I thought that I could simply parse such a statement “index < …” converting it to a Julia-code, with
something like

function convert(selection)
  expr = ""
  for keyword in split(selection)
    if keyword == "index"
      expr = expr*" atom.index "
    elseif keyword == "and"
      expr = expr*" && " 
    elseif keyword == "not"
      expr = expr*" ! "
    elseif keyword == "water"
      expr = expr*" iswater(x) "
    else
      expr = expr*" $keyword "
    end
  end
  return expr
end

such that

convert("index < 100 and not water")

returns

" atom.index  <  100  &&  !  iswater(x) "

From that, I could use something like:

function select(atoms,selection)
  expr = convert(selection)
  selection = Vector{Atoms}(undef,0)
  for atom in atoms
    if eval(Meta.parse(expr))
      append(selection,atom)
    end
  end
  return selection
end
# Obs: actually this function does not work, because the 
# interpolation of the atom variable on "eval" fails, but
# I need yet to understand that. But probably the idea of what
# I aim to obtain is clear.

So, my general question is: is this strategy (of generating meta-codes) a reasonable choice to tackle this problem? Writing an actual interpreter of the user-provided syntax seems too complicated.

The more specific question, if the approach is reasonable, is how to evaluate the generated expression for each element of an array, as it seems to work for a single element, but when inside a loop or function, the variable is no longer recognized:

julia> expr = :(x < 1);
julia> y  = [ 0, 1 ];
julia> for x in y
         eval(expr)
       end
ERROR: UndefVarError: x not defined


(a third possibility is that someone knows of a package that does that already, I could not find one).

Metaprogramming is not magic. You should not try to use eval for this. It’ll be strictly slower than other methods.

In fact, there’s nothing magical. You always need to do the same amount of work and the only thing julia may help here is syntax.
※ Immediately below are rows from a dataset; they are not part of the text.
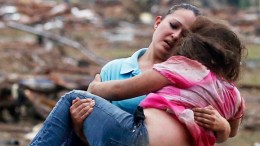 Dramatic Photos: Oklahoma Tornado Strike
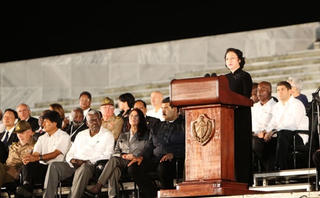 Lãnh tụ Fidel Castro sẽ sống mãi trong trái tim các dân tộc anh em trên thế giới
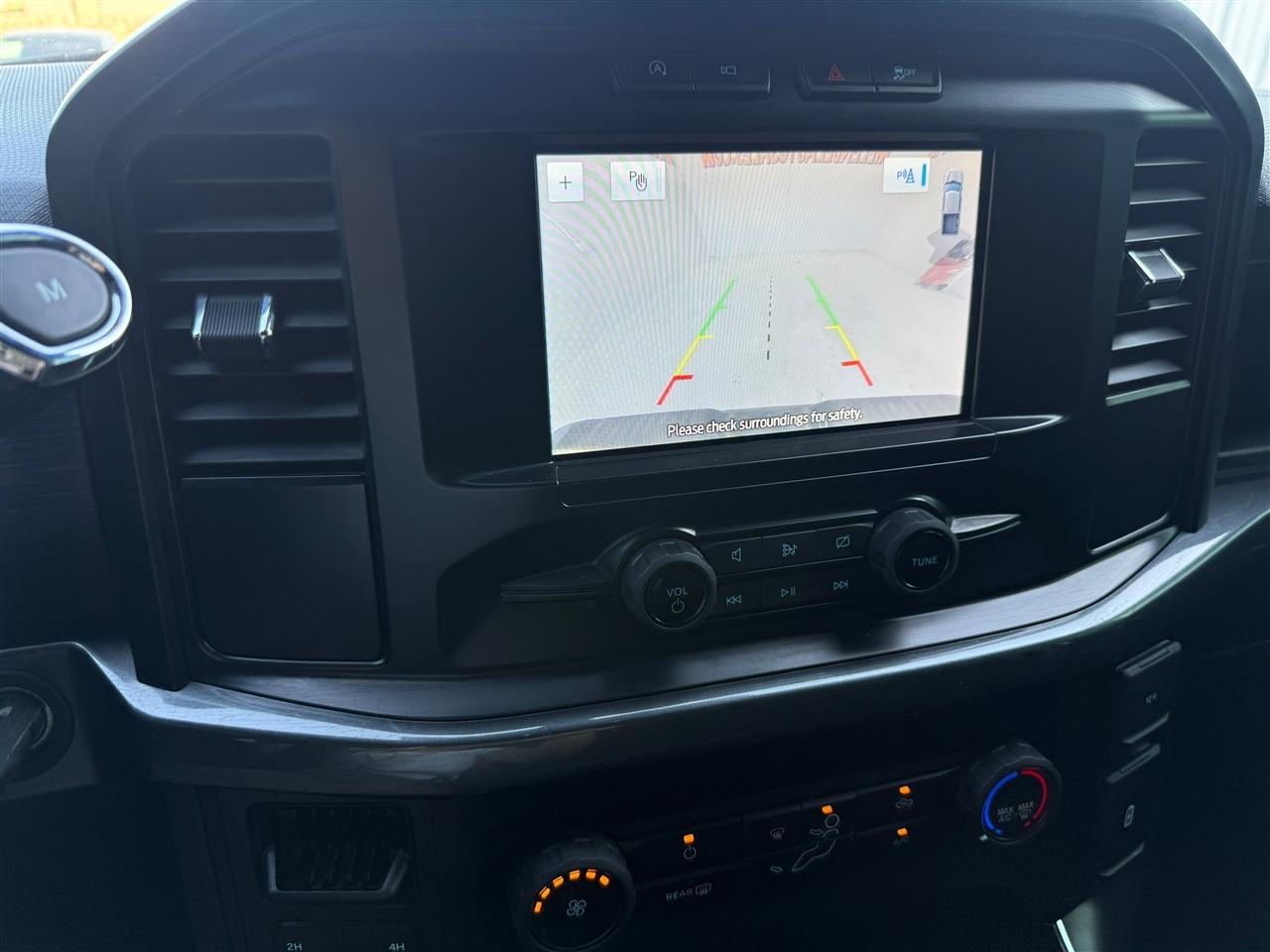 Ford F-150 XL SuperCrew 5.5-ft. Bed 4WD 2023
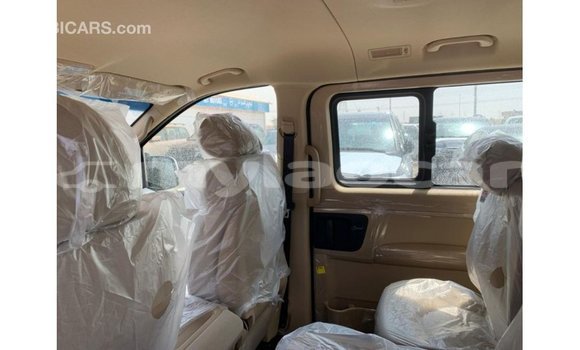 Buy Import Hyundai Accent White Car in Import - Dubai in Attapeu Province Buy Import Hyundai Accent White Car in Import - Dubai in Attapeu Province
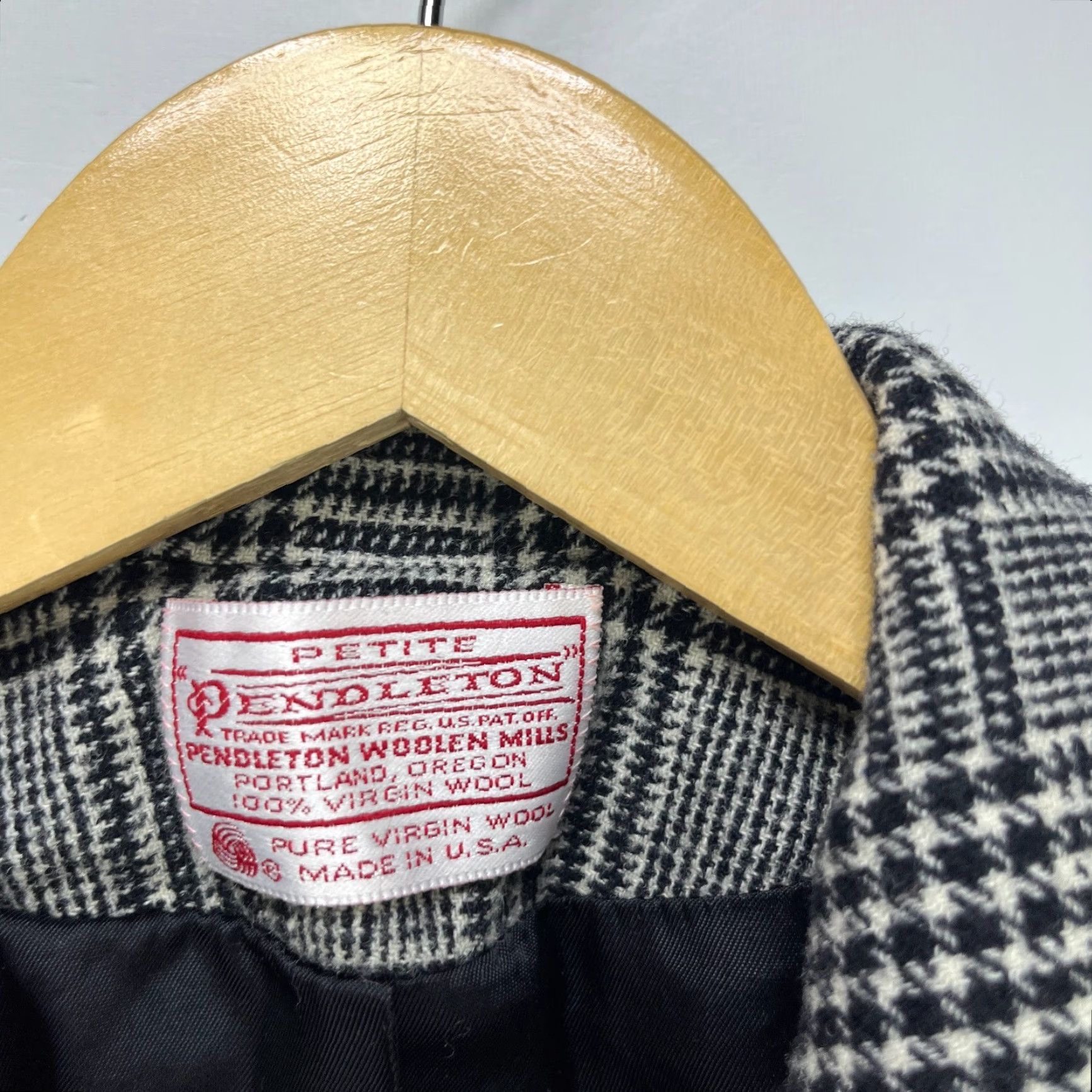 Pendleton VINTAGE Pendleton Blazer Womens Petite Small Plaid Made in USA USA White 6 / 8 Tuxedo Petites Womens Blazer Size M / US 6-8 / IT 42-44 - 4 Thumbnail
The first question for you is that what is your input. Does it have to be a random string that is only known at runtime, for example if you are prompting the user for input from a REPL? If yes then you should just go with however you do it in other language. You may try to encode the parsed result in a type to speed up repeated execution but that’s the extend you can do.

If the string is not free-formed, but rather is always constant at construction or with limited templating syntax on top, then you should just make the user construct the code, as function callback or other types encoding the result, directly, and this is exactly what you can do in most other languages as well. The only difference julia/metaprogramming can make is to write a macro/string macro so that you can do your own parsing to generate such an object.

1 Like

this gives off pandas.query vibe… (which I dislike, whenever I need to re-visit or re-use them it’s always a mess).
https://pandas.pydata.org/pandas-docs/stable/reference/api/pandas.DataFrame.query.html

Maybe helpful: https://thautwarm.github.io/MLStyle.jl/v0.3.1/tutorials/query-lang/

1 Like

The input is variable, of course, it will be an user input, which will be parsed from an input file.

The user is not expected to know anything about programming, he/she might not even notice that the package is written in Julia. What I want is to reproduce the same selection syntax of popular packages for molecular simulations.

The selection function does not need to very fast, that is far from being the computationally expensive part of the code.

What I think that meta-programing can give in this case is not speed, it just a very simple way to translate the syntax of a selection into a code to be evaluated in Julia.

So, to be clearer:

The function convert above, translates the syntax index < 100 and not water, which is familiar to the user, to the corresponding Julia code for the same conditional: atom.index < 100 && ! iswater(atom).

In principle, I can write a file with the following function, given that result:

f -> atom -> atom.index  <  100  &&  !  iswater(atom)

My code could continue simply including that file, and aftewards the selection of the atoms could be done with

selection = filter(f,atoms)

The meta-programing part of the story is to avoid writing a file to disk and having to include that file afterwards.

1 Like

Maybe I can ask a very simple question:

Given the string

s = "x > 1".

Is there a simple way to use this string to define a function, such as:

f = x -> x > 1

I tried different forms of interpolation, but I am a quite lost in the documentation of the meta-programing part. Maybe that is not even what meta-programing is thought for, and a simpler way to do that exists, of course not involving writing and including files from disk.

EDIT: This works:

s = "x > 1"
f = eval(Meta.parse("x -> "*s))
f(2)
true

Such that it is possible to use the code above with:

selection_expression = convert("index < 100 and not water")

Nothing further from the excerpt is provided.